ユーチューブを始めたきっかけは、コロナ禍です。東京で起業した孫息子が、広島の実家へ戻ってきましてね。「リモートワークをするんだ」と言われてもようわからんでしょう。2階の部屋に閉じこもって一日中、ケータイやらパソコンやら見ているものだから、「引きこもりになったんかなあ」と心配してたんですよ。(笑)

そうしたらある日、「おばあちゃん、これ読んで」と台本を渡されて。「声に合わせて、おばあちゃんの分身としてアニメが動くんだよ」と説明されたけど、何が何やら。ただ、私が孫のためにひと肌脱げるのならと、声の出演を引き受けたんです。

私の声に合わせて動いてくれるアニメを「アバター」と言うんだそう。孫が選んだのは、ピンク色の髪と可愛い制服。そんな姿なのに、広島の方言まる出しのダミ声で棒読みのセリフを喋るのが面白かったんかね。大勢の人が見てくださったそうで。

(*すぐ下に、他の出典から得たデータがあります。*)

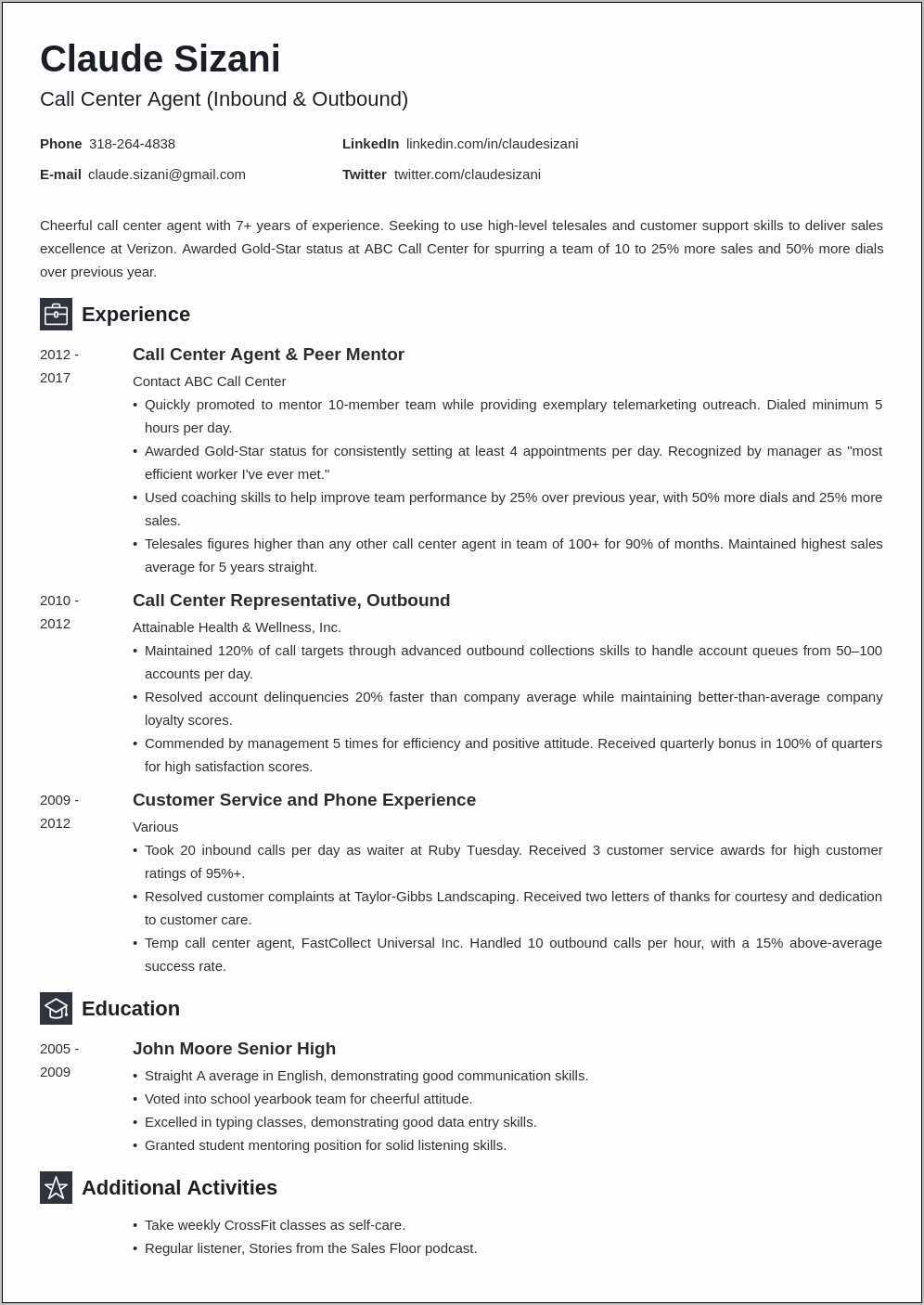 resume for non voice call center agent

なんでも、「メタばあちゃんプロジェクト」という、75歳以上の女性が顔を出さずにアイドル活動をするグループを孫が作るんだと。私の動画は、メンバーを集めるための見本だったようなんです。だから収録も3回で終わる予定が、「次も」と言われるまま、もう2年も続けさせてもらってます。


声に合わせて「アバター」が動く映像を孫の会社が作成する

続けるうち、視聴者から感想をいただくようになって。同居する長男の妻が「今日はこんなコメントがきたよ」と読み上げてくれるのが、どんどん楽しみになっていきました。

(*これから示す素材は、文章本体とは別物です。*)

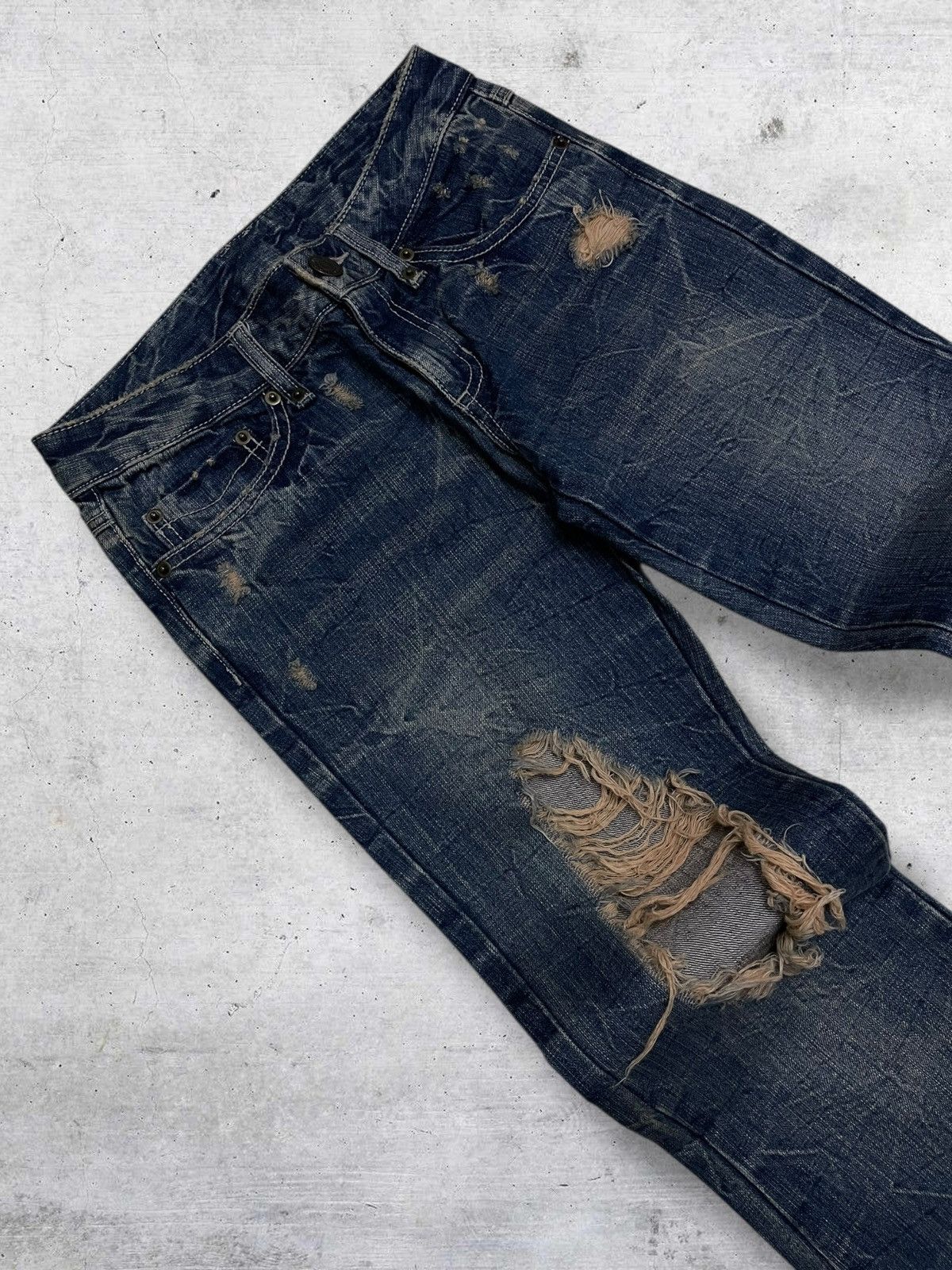 Japanese Brand VINTAGE NYLAUS JAPAN DESIGNER 90S FLARED MUDWASH GOLD DENIM Size US 26 / EU 42 - 7 Thumbnail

台本は、孫や長男の妻と相談しながら一緒に考えます。それを私が読み、録音データを東京の孫の会社のスタッフさんに送ると、動画を作ってくれるのです。内容は、私が作るお雑煮のレシピだったり、食レポだったり。意外なほど人気になったのが、「お悩み相談」でした。

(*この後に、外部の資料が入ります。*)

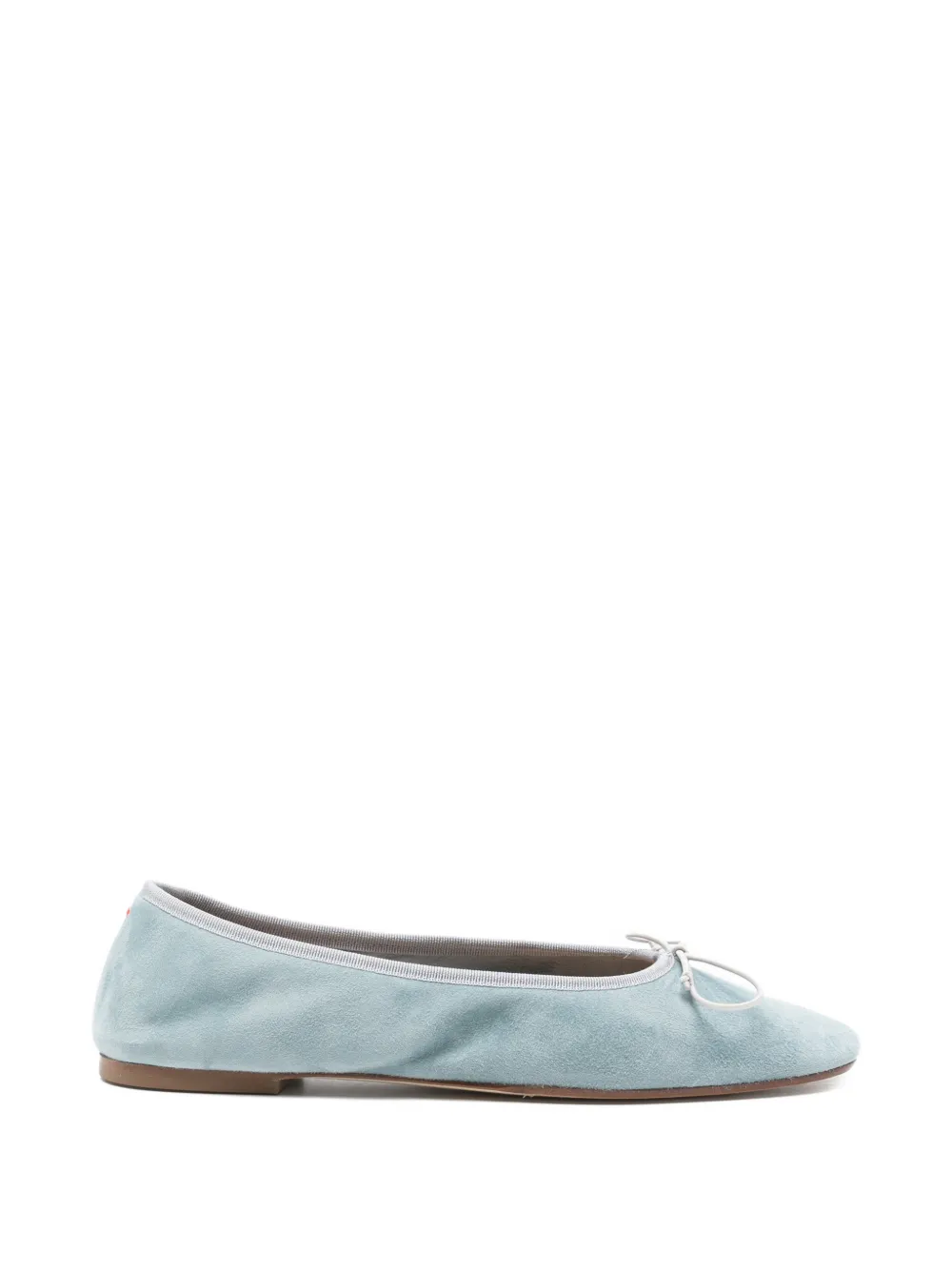 Aeyde Tiby bow leather ballerina - Blu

相談といっても、私は偉い先生でも占い師でもありません。「将来が不安だ」というお便りに、「人生は長い。くよくよしたって仕方がない」と答えるなど、当たり前のことしか言わないのだけど、若い人には新鮮だったんかなあ。「圧倒的説得力」とか、「泣きそうになった」など大きな反響があったんです。

ある時若い女性の働き方を考えるという取材を受けて、私は「座って仕事ができるだけいいじゃないですか」と答えました。私はずっと重い荷物を背負うなど、体を使って仕事をしてきたからです。

《ダメ夫》の代わりに家計を支えた


4歳の時に母が亡くなり、父は再婚しましたが、その義母も私が8歳の時に亡くなりました。残されたのは2歳の弟と生まれて半年の妹。弟は私にずっとついて来るし、赤ちゃんのいる知人の家へ妹のお乳をもらいに山を越えるのも大変で、学校にはろくに通えませんでした。

中学校に上がる頃に父ががんになり、私はその看病と、きょうだいの世話、畑仕事の全部を一人でやることに。先生は「来られる時には顔を出せ」と言ってくれたけど、たまに行ってもついていけません。そんな私の過去を知った孫が、「おばあちゃん、こんな格好したかったんと違うか」と言って、制服姿のアバターを作ってくれたんです。

学校を出る年になっても、体を動かす仕事しか見つかりません。工事現場の仕事先で出会った男性と、20歳で結婚。父が7年の闘病の末に亡くなり、弟や妹も自分たちでなんとか生活できる年齢になった頃でした。「実家を出ないと一生きょうだいの世話で終わってしまう」と思っていた時、ちょうど「結婚しよう」と言われたんです。(笑)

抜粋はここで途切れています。